What you will do = From the line that includes "Imagem 13: Apartamento" to the last line of the records that follow, copy every line exactly and nothing more, omitting pictures.

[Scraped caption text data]
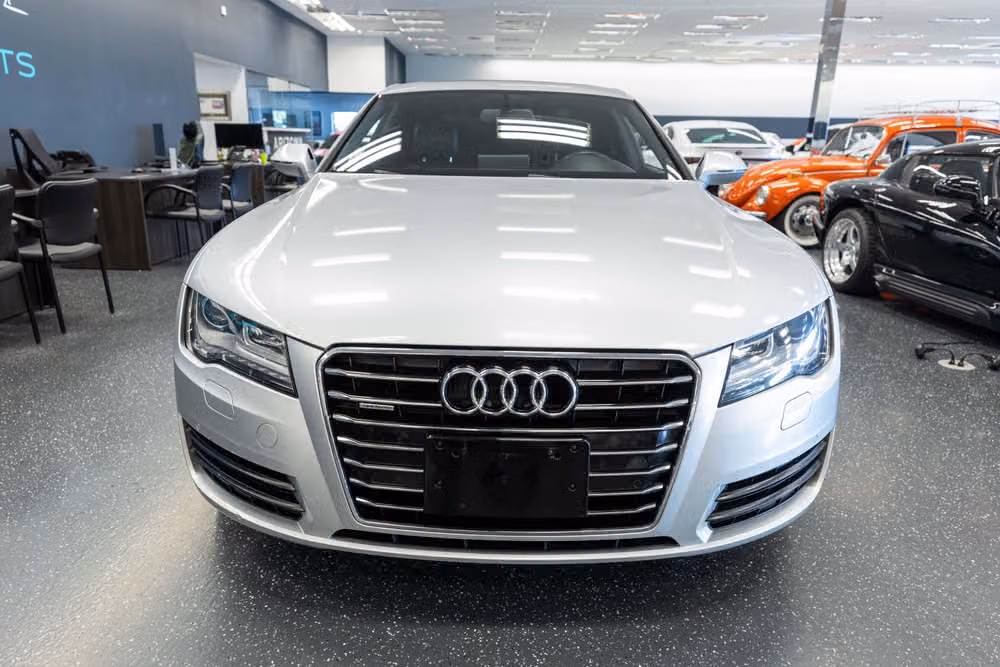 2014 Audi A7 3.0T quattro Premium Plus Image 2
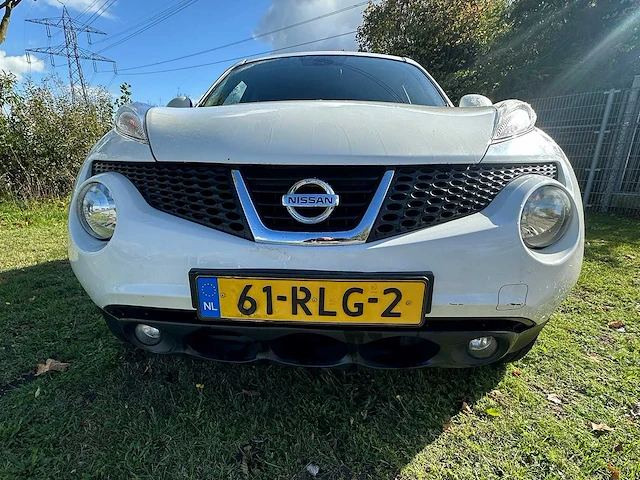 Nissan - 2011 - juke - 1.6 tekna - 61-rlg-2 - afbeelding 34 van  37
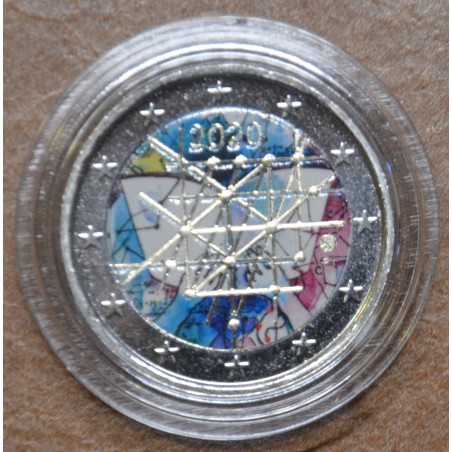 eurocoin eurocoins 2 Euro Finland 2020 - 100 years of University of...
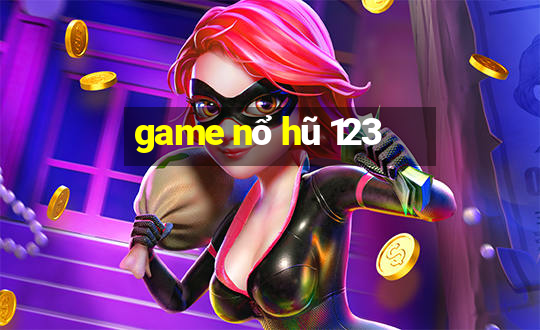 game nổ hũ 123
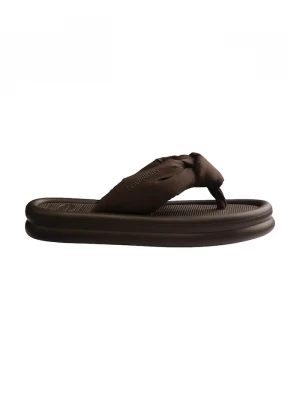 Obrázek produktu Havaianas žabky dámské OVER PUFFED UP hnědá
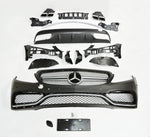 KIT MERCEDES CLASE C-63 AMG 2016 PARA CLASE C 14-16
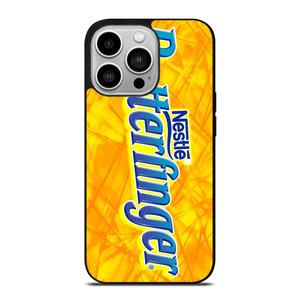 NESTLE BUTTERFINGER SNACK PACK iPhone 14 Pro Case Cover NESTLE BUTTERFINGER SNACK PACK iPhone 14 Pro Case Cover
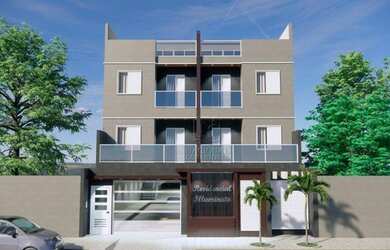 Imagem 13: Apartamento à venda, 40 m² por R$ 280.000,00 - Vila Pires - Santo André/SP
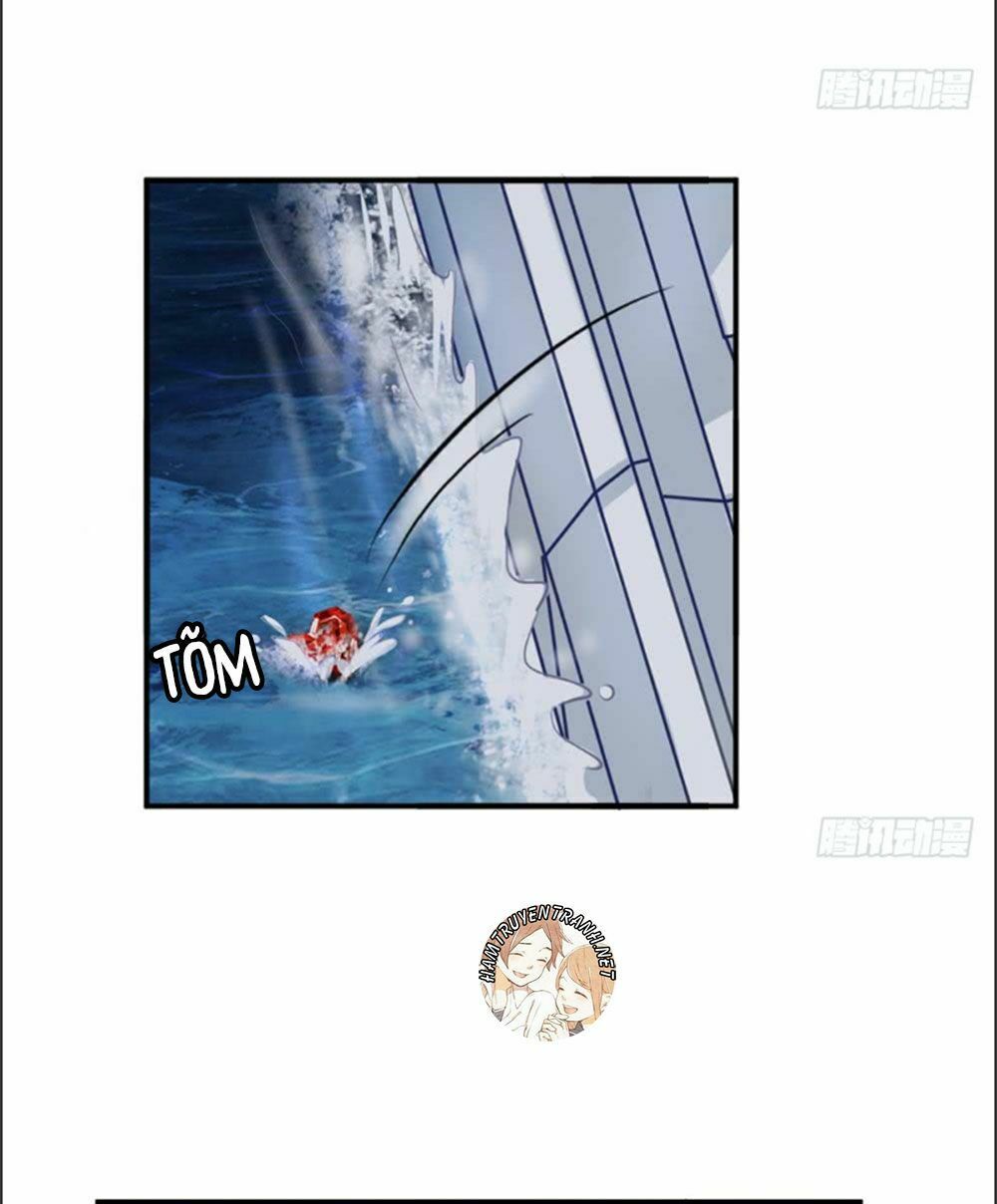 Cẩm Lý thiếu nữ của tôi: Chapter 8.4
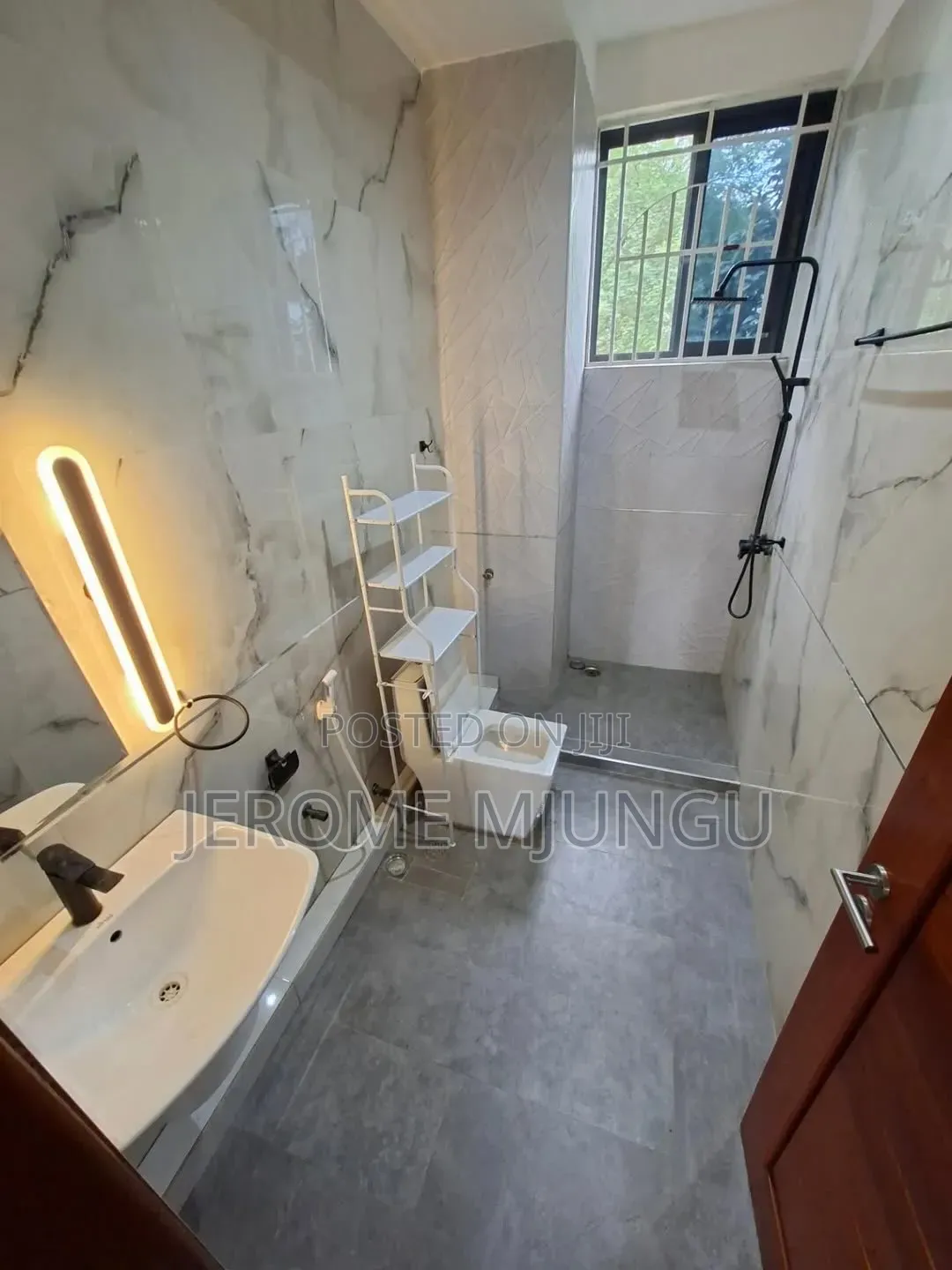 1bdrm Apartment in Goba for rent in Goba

Exercise result =
 Imagem 13: Apartamento à venda, 40 m² por R$ 280.000,00 - Vila Pires - Santo André/SP
 Cẩm Lý thiếu nữ của tôi: Chapter 8.4
 1bdrm Apartment in Goba for rent in Goba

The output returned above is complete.